ABOUT
Claiborne is an unincorporated community in Talbot County, Maryland. The 2000 U.S. Census lists the population as 147 and the number of homes as 84.
History
The area of town now known as "Old Claiborne," was located on Tilghman’s Creek facing the Miles River. It included a steam sawmill started by John Hansel Tunis around 1867. "Bingham's Steamboat Wharf" was also in use for steamboats on their way up the Miles River to St. Michaels. By 1877, John Tunis' son, Joseph Tunis, had added the Claiborne Oyster Company, a boatyard, a few homes, two more steamboat wharves, and expanded his father's sawmill into the Claiborne Saw and Planing Mills. At the foot of Rich Neck Road was a general store. Tunis also laid out grids for a new community of 188 lots and advertised them for between $18 and $40. A plat of it appears in an 1877 county atlas, showing eight main streets with the names: Rich Neck Road, Leeds, Ward, Progress, Monument, Tilghman, and Dom Pedro. At its center was Henry Clay Square, a large area reserved for public buildings. Joseph Tunis provided a slogan: “Young man don’t go West, but to Claiborne.” The village did not develop as Tunis had hoped and by 1893, Tunis had abandoned his plans. In later years several families from North Carolina who knew or where employed by the Tunis family in their North Carolina lumber mills relocated to "Old Claiborne", for example Ben Perry whose home in "Old Claiborne" was built in 1905.A second community, the "new" Claiborne, was started in 1886 when Gen.

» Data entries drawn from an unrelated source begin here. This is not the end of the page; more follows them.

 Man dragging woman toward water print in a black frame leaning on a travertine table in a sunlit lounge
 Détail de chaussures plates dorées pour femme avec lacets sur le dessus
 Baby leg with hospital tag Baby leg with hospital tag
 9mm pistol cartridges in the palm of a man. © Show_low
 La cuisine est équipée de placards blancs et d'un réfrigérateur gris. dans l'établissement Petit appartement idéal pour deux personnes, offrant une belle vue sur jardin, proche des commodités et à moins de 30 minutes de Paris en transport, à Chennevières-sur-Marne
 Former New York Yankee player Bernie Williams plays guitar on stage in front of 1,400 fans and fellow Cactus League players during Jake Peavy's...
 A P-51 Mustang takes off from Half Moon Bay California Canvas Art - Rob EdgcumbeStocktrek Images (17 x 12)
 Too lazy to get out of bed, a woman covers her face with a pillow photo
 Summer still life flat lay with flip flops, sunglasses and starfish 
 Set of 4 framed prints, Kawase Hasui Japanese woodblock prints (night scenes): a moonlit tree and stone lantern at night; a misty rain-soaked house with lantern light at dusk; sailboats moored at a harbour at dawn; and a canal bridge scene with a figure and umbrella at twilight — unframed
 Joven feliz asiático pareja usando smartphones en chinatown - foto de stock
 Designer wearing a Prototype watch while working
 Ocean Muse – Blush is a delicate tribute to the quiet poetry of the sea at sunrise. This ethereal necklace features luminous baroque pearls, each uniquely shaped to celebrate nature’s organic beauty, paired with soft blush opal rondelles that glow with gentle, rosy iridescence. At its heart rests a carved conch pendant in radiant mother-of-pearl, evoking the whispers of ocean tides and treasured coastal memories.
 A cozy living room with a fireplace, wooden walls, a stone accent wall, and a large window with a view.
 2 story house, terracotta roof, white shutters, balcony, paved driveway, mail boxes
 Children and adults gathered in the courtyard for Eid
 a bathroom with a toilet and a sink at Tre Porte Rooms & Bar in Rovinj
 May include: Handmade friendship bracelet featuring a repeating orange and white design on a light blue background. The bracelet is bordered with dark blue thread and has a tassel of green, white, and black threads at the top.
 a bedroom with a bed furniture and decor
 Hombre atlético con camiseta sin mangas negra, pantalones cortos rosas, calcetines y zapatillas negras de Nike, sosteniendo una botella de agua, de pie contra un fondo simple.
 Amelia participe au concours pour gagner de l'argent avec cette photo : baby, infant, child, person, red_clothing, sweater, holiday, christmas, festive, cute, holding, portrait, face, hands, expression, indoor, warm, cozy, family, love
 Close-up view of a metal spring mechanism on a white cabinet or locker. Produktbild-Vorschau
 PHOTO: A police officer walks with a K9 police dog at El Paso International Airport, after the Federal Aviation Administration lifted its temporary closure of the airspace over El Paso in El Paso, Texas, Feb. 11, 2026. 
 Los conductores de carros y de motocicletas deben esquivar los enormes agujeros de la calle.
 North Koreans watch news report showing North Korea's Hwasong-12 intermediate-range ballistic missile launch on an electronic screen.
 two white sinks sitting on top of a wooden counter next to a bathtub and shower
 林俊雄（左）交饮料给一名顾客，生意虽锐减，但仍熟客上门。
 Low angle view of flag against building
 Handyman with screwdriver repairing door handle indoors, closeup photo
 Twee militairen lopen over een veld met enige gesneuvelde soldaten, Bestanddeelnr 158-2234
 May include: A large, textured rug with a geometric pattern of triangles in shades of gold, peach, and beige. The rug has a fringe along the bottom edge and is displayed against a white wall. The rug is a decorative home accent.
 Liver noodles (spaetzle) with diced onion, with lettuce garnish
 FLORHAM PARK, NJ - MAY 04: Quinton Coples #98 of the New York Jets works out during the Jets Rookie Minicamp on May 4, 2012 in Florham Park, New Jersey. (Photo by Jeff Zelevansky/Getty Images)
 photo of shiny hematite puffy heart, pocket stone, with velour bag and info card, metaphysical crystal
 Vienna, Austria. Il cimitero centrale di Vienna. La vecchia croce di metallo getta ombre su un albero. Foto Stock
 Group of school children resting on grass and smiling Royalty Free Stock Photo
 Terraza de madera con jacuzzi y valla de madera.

Joseph B. Seth and the Baltimore & Eastern Railroad Company agreed to begin ferry and railroad service between Claiborne and Bay Ridge, on the western shore of the Chesapeake Bay. Seth along with Theophilus Tunis and Frank Turner envisioned a resort community similar to Bay Ridge and laid out plans for the "new" Claiborne, calling it "Bay City”.